Bitcoin whales are rumored to control markets in a number of nefarious ways. Clandestinely communicating with one another in order to influence market prices and jump ahead of bitcoins many volatile slumps and bumps. Which in any other arena would be classed as insider trading.
But are whales really the villain here? Or do they use their monetary mountains for the greater good a la the Batman analogy suggested earlier? The answer is just as complicated as you might expect. Because really, it’s a bit of both.
Just like any savvy businessman understands that what’s good for the gander is good for the goose, bitcoin whales make money by promoting faltering markets. By purchasing bitcoin during downtrends- the time that most investors would be selling, whales actually serve to bolster the markets they have so much stake in. Which is both boon and bane for most investors.
Whales have an uncomfortable amount of power over markets and bitcoin valuation- however, that influence has been used to push the market towards success. In a market where artificial inflation and quantitative easing are impossible by design, whales seem to keep a close eye on supply while often trading against demand. Forcing market values to blimp.
Who Are They?
Whether or not you see them as the savior or the sinner- whales are here to stay. Outside of the enigma that is Satoshi Nakamoto, five other major bitcoin whales have been Identified. It may come as no surprise that most of these whales are both technology gurus and investment pros, with CV’s almost as impressive as the wallets themselves. Despite sounding like a list of Bond villains, these investors are part of the top 100 that help keep bitcoin booming.
Barry Silbert
Chief Executive Officer and founder of Digital Currency Group, Silbert is deeply involved in the development of the global financial system. Supporting and creating new bitcoin and blockchain companies.
Blythe Masters
Former managing director at JP Morgan Chase, Master currently holds the position of CEO at Digital Asset Holdings. A company focused on building tools that integrate security with speed when it comes to crypto trading. Digital Asset Holdings pairs with companies like Google Cloud and (no surprise here) JP Morgan Chase, in hopes of bringing blockchain to Wall Street.
Dan Morehead
Founder of Pantera Capital, Morehead has been involved with crypto and bitcoin since 2013. Morehead was formerly known as a Goldman Sachs trader, head of macro trading, and CFO of Tiger Management. He has now focused his attentions through Pantera, on investing in cryptocurrency-related companies, exchanges, and investments.
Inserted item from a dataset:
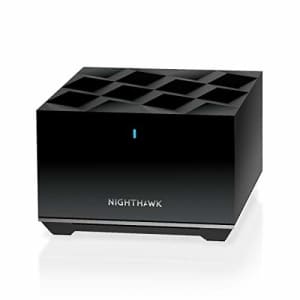 NETGEAR Nighthawk Tri-Band Whole Home Mesh WiFi 6 Add-on Satellite (MS80) add up to 2,250 sq. ft. for $298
Tyler and Cameron Wiklevoss
If you haven’t heard of the twins, you may struggle to ride your local tilt-a-whirl. The brothers sued Facebook founder Mark Zuckerberg in 2004, for stealing their original concept to create the social media giant we’re all familiar with today. After settling for a cool $65 million, the brothers invested heavily in bitcoin and remain crypto giants to this day.
Michael Novogratz
Former hedge fund manager and billionaire Michael Novogratz invested millions of his money in bitcoin circa 2015. The Princeton graduate and former Goldman Sachs partner is looked at as a prominent pundit when it comes to bitcoin price markets and movements.